今日のブログは昨日の続きです。
重度の知的障がいのある方に対する丁寧な意思の確認と、その人の希望に合った生活環境を作ることで、それまで部屋に鍵をかけられたり、車いすに拘束されていたような方が生き生きと日々を過ごせるようになる。そんな福祉が実現できるんだというという事を、先進的な取り組みをしている民間福祉施設の視察を通じて感じたと書きました。
そこで「だったら今までの神奈川県の県立施設での支援は何だったの?間違っていたということ?」という疑問が浮かびます。それについても私は県立の施設「中井やまゆり園」を視察しながら思うところがありました。
決して間違っていたわけではないのです。今は適切でないとされるケアも、古びてしまった建物も、かつては社会から理解されるサービスだったのです。それを長く続けて来て、気が付いたらもっと新しく適切なケアのあり方やそれを求める社会環境が生まれていたということ。そしてここが大事だと思うのですが、公立の施設だからこそ、絶対に事故や怪我があっていけないという意識が強く、それがゆえに強度な行動障がいのあるご利用者を、個室で静かにそっとしておいてあげるというケアの方向に向かいがちであったのではないかと。更に障がいのある人にとって県立施設は「命のセーフティーネット」なんていう言われ方もしてきたものだから、その人たちを最後までお世話しなけれぱいけないという意識もまた強かった。それが今は「終(つい)の棲家じゃダメなんだ」と言われるように、考え方が変化しこれまでの県の福祉サービスとの間にギャップが生まれました。そしてそれに気づいたきっかけとなったのが、あの津久井やまゆり園事件での犯人の動機でした。

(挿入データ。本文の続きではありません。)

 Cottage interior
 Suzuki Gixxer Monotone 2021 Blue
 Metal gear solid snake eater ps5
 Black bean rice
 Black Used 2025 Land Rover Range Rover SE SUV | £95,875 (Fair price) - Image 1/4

一方、昨日視察した民間施設では、入所したご利用者を翌日から就労支援型の会社へいざないます。途中公道を歩いて移動することもあるし、刃物を持って作業することもあります。人はたとえ障がいがあろうとも、仕事などを通じてだれかの役に立っているという実感こそが喜びであり、生きがいにつながるのだということはよく言われることです。この民間施設ではどんなに強い行動障がいのある方でもそれを実現することでその人の生き生きとした生活を実現し、通過型の施設として利用者が近いうちにそこを出て、グループホームでの自立した生活ができるよう支援しています。でもそれには事故や怪我などの「リスク」が伴います。

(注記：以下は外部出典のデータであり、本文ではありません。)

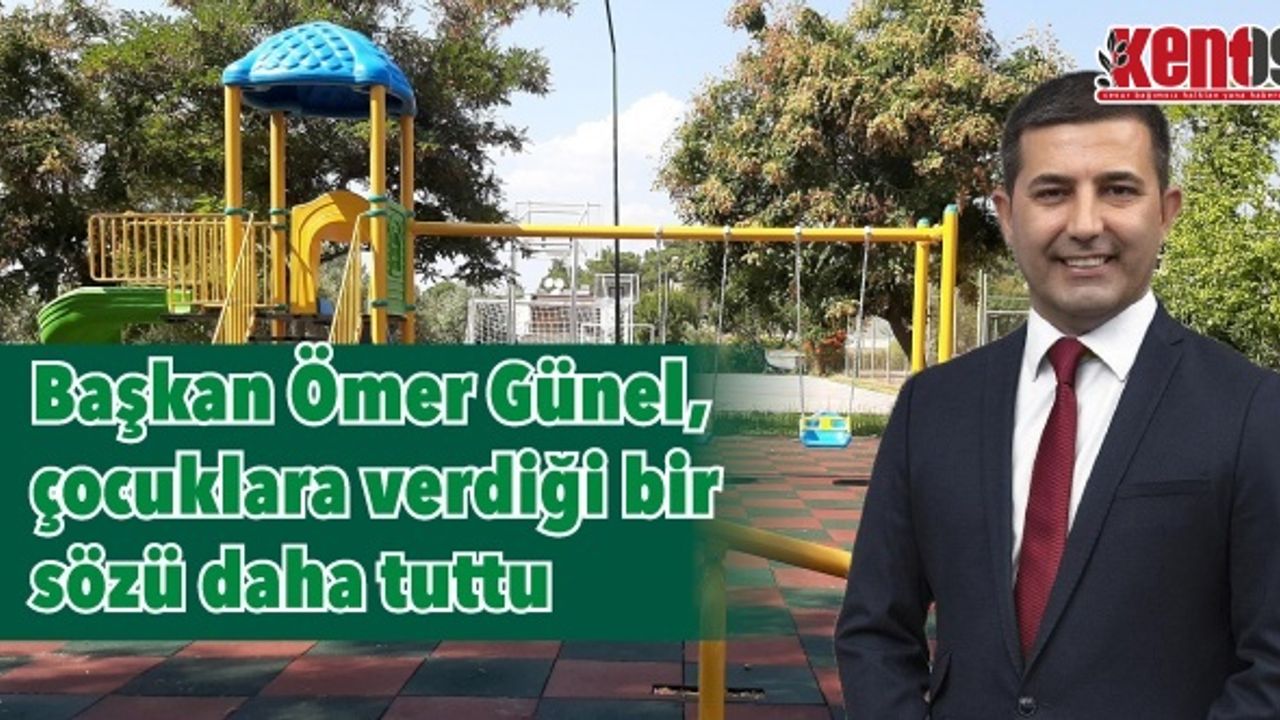 Kuşadası'nda Çağrı Sitesi Parkı yenilendi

これから先、神奈川県がこの民間施設のような福祉を実践して行こうとするならば、そのリスクをどう受け止めていくかということが大事なカギになると私は思います。
私は視察で民間施設の担当の方にこのことを質問してみました。するとこんな答えが返って来ました。
「うちの施設利用者のように道を歩いて職場に向かっても、県立施設のように部屋に一人で閉じ込められていてもどちらも事故は起きるし怪我もします。全体を見たら事故や怪我の発生率はどちらもそんなに変わらないと思います。問題はその人が納得して生き生きとして暮らしている中で起きた事故と、不本意ながら拘束された状態の中で起きた事故とでは、本人、家族はもとより、社会の評価はまったく違うということだと思います」
まったくその通りだと思いました。
障がい当事者の方の意思を確認して福祉を提供することが本当に大事なんだと思いました。

※視察先の民間施設「てらん広場」では普通の陶器の食器を使っています。という説明を受けているところ。これだってリスクと言えばリスク。でも普通の生活を実現するという意味では大切なもの。